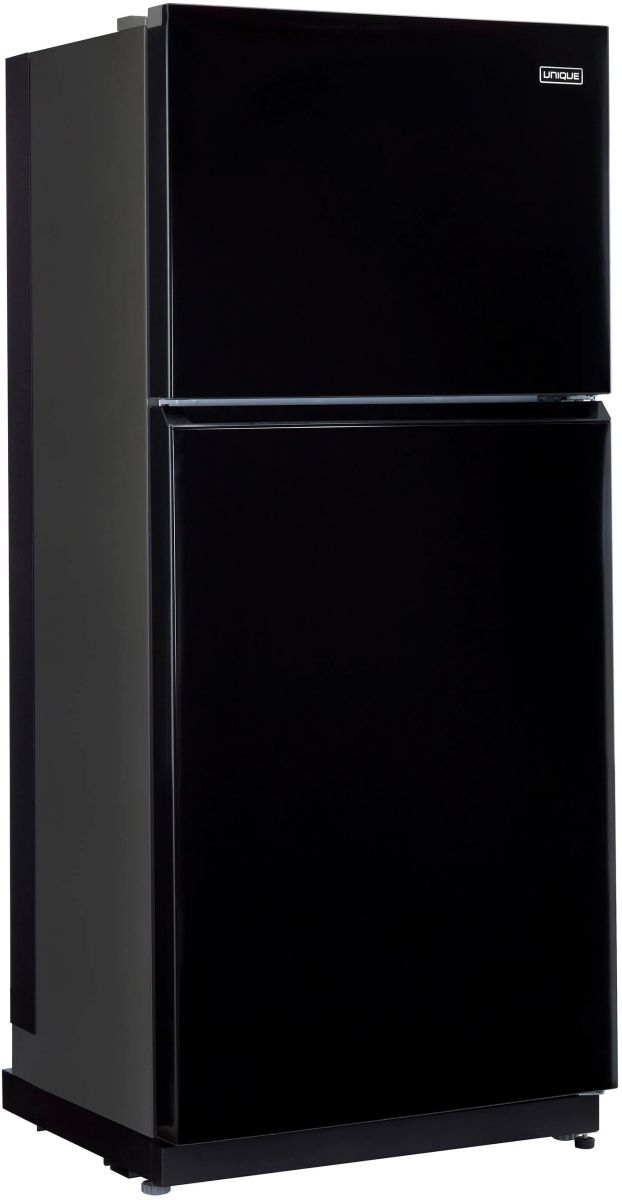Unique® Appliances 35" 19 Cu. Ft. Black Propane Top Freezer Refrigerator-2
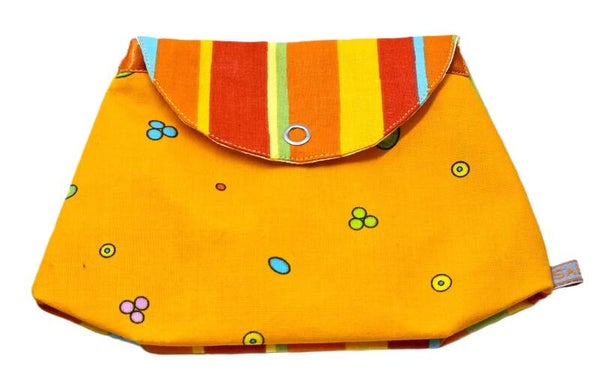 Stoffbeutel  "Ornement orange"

-*-

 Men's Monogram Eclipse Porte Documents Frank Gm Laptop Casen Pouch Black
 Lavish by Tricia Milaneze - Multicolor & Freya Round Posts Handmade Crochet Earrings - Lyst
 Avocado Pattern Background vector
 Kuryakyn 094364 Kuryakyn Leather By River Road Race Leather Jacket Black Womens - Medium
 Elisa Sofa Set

-*-

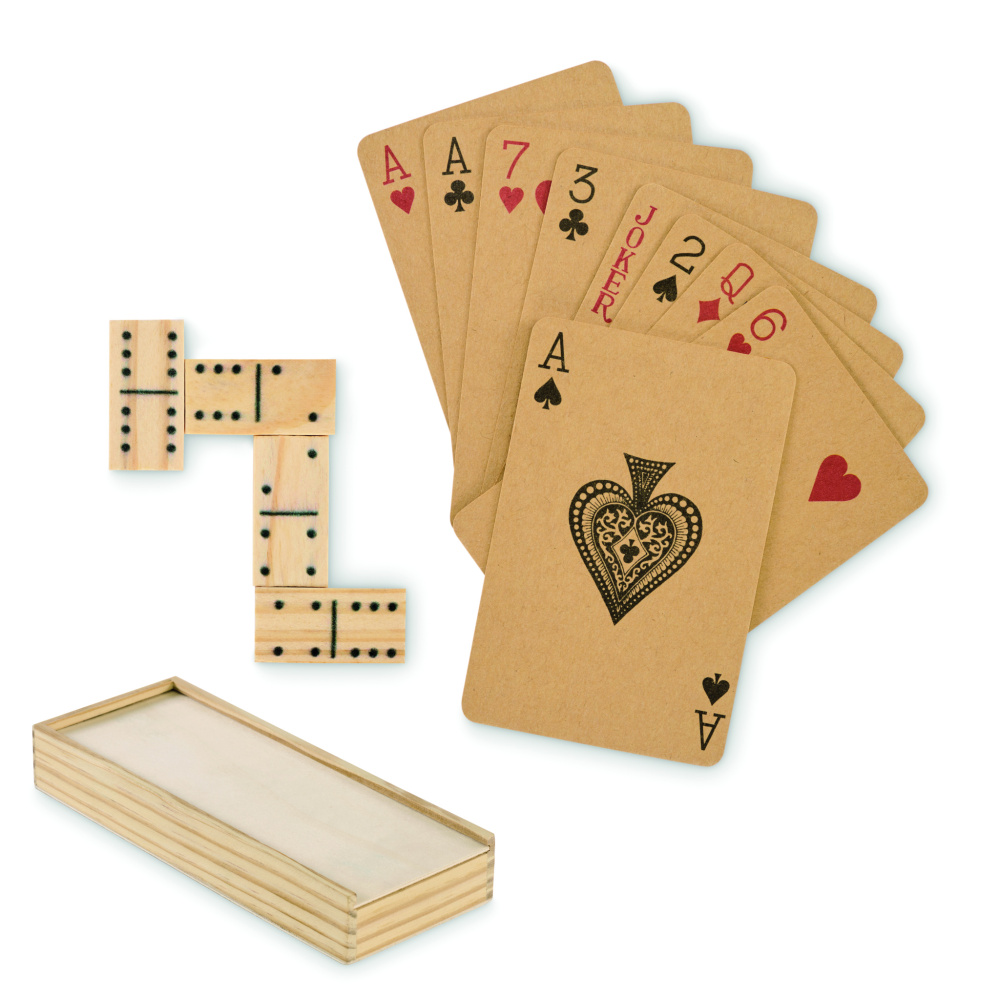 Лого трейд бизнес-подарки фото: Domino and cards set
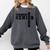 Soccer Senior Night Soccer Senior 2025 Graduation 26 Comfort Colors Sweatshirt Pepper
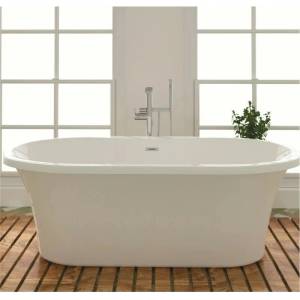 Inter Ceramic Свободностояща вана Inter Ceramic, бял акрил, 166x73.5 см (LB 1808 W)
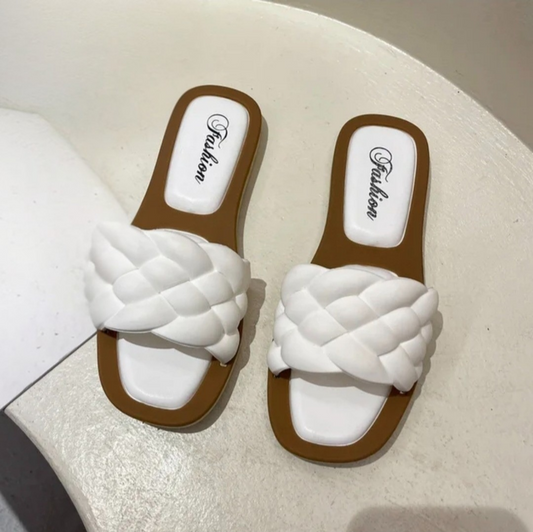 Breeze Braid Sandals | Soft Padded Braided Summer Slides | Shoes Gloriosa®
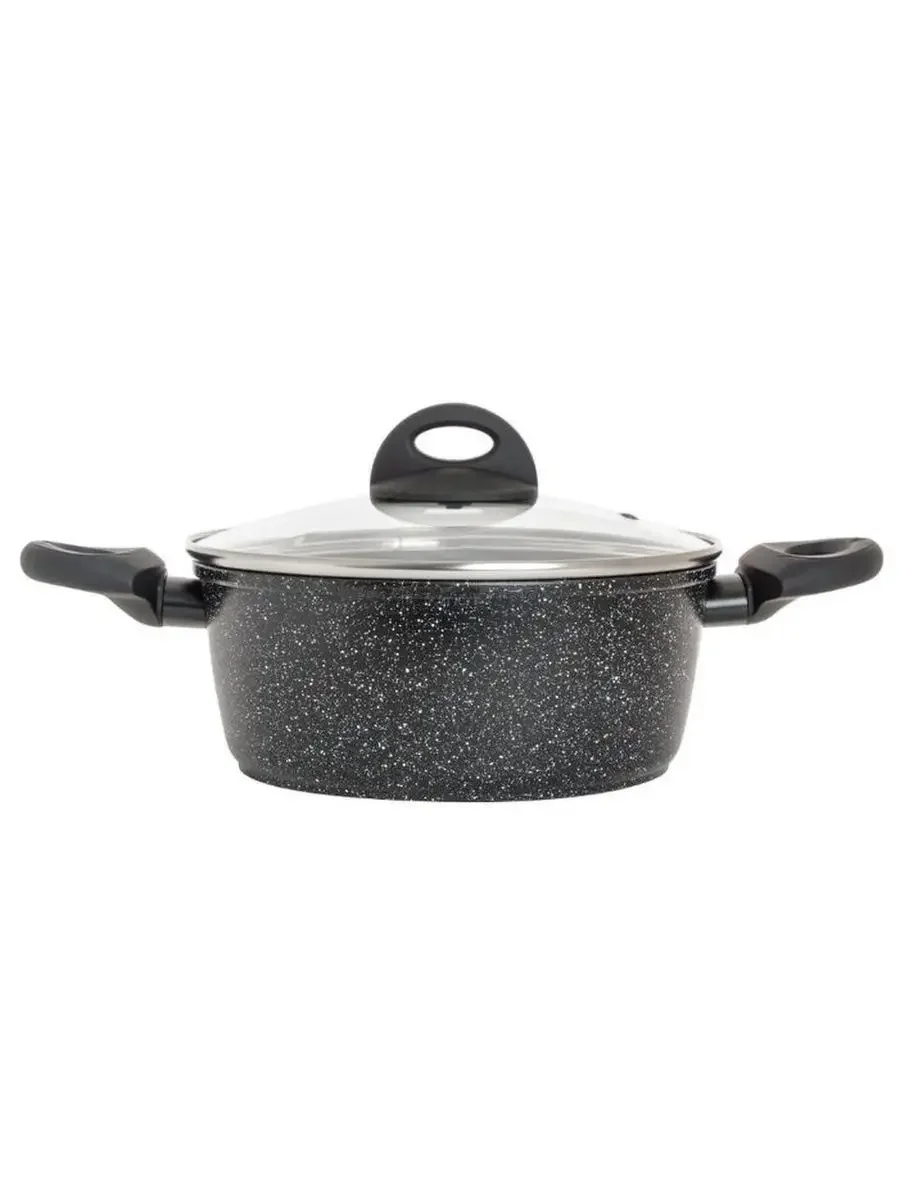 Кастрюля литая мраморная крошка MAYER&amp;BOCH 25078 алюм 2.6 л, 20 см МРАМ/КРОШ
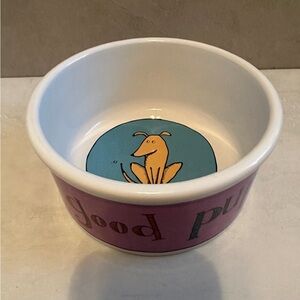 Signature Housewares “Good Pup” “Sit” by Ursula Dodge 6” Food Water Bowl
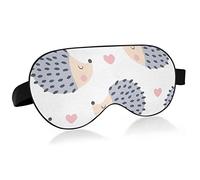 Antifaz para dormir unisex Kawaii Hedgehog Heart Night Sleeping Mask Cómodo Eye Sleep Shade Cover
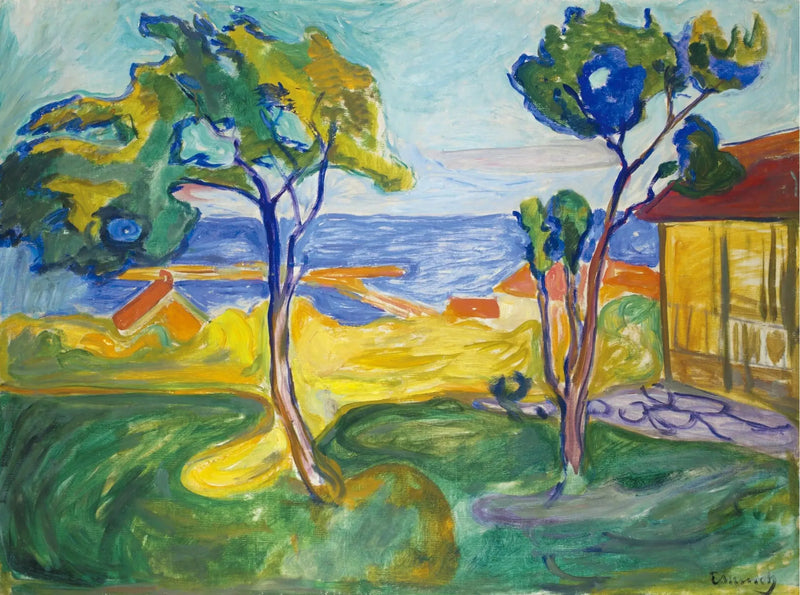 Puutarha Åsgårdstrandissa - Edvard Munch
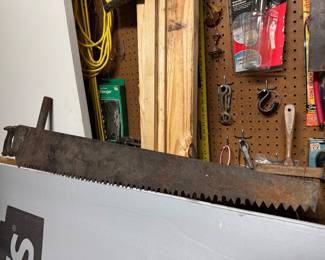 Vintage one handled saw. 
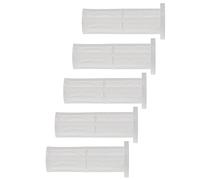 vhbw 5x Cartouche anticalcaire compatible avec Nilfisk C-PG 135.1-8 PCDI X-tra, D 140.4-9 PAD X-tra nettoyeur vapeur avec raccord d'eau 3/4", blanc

-*-

> **Task goal**
Range to print from the listing above: from the line with "Кастрюля литая мраморная" up to and including the line with "vhbw 5x Cartouche". Please print those lines exactly, with no pictures and nothing more.

> **Answer to the problem**
 Кастрюля литая мраморная крошка MAYER&amp;BOCH 25078 алюм 2.6 л, 20 см МРАМ/КРОШ
 Signature Housewares “Good Pup” “Sit” by Ursula Dodge 6” Food Water Bowl
 Antifaz para dormir unisex Kawaii Hedgehog Heart Night Sleeping Mask Cómodo Eye Sleep Shade Cover
 Puutarha Åsgårdstrandissa - Edvard Munch
 Vintage one handled saw. 
 vhbw 5x Cartouche anticalcaire compatible avec Nilfisk C-PG 135.1-8 PCDI X-tra, D 140.4-9 PAD X-tra nettoyeur vapeur avec raccord d'eau 3/4", blanc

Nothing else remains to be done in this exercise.